El resto del estudio estaba tan ordenado y limpio como el escritorio. El viejo Tonneman había sido un hombre muy meticuloso y absolutamente entregado a sus pacientes. Al pensar en éstos, a Tonneman se le ocurrió que podría poner un anuncio en el New York Gazetteer y quizá también en algún periódico nuevo para notificar su regreso y su intención de tomar el relevo de su padre. Consideró que algunos folletos también le serían útiles como publicidad.
– Tonneman -llamó Jamie con impaciencia.
Tonneman salió del estudio y entró en la consulta, esa habitación que tanto le había fascinado de pequeño.
El cuerpo decapitado yacía sobre la mesa de operaciones cubierto con un trozo de tela, y debajo se encontraba la cabeza, aún en la bolsa de arpillera.

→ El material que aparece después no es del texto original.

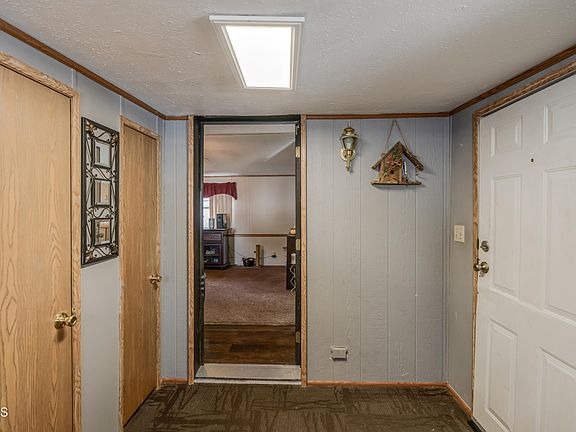 5th image of 123 Delaware St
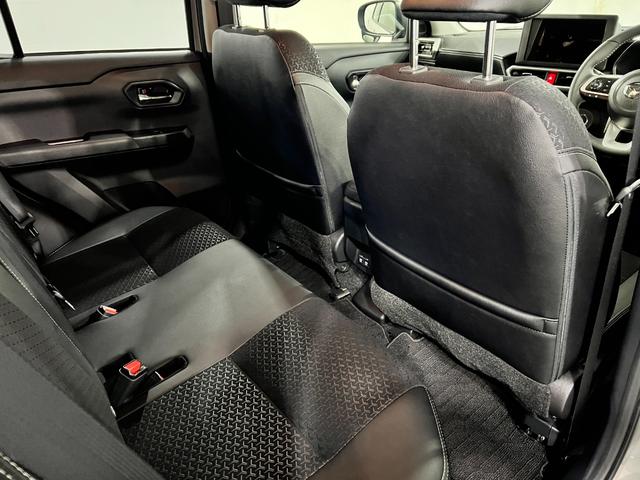 ロッキープレミアムＧ　走行８４６９キロ／ＬＥＤヘッドライト一年保証・走行距離無制限走行８４６９キロ　助手席エアバック　純正カーペットマット　サイドエアバック　クリアランスソナー　オートライト　ＬＥＤヘッドライト　シートヒーター　アイドリングストップ（埼玉県）の中古車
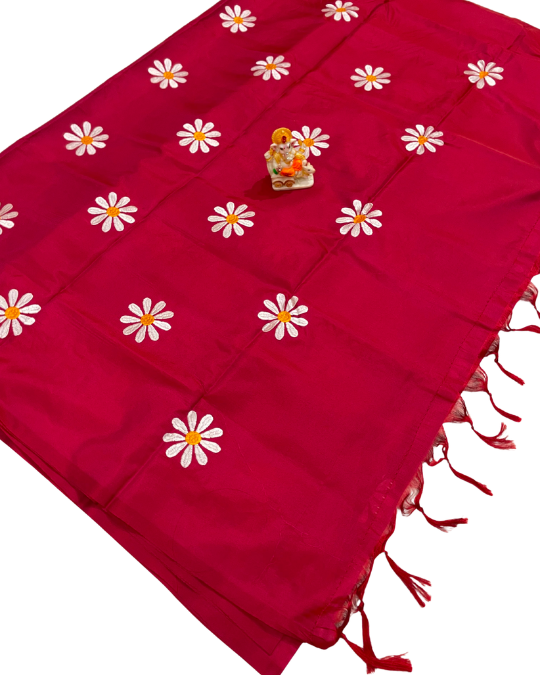Malai Silk Saree with Sunflower Embroidery & Tassel Pallu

En el suelo se hallaban amontonadas las ropas de la mujer, incluidas las prendas íntimas de seda y las botas, estas últimas sin apenas marcas en las suelas.
Goldsmith se mostraba incómodo; cambió de postura varias veces en poco rato, se examinó las manos o cualquier otra cosa para evitar mirar hacia la mesa. Tonneman reprimió la risa con la mano.
Había varias velas encendidas, y junto a una, un microscopio, tarros de ungüento, un bote de tinta, una pluma y fajos de papel llenos de anotaciones y dibujos.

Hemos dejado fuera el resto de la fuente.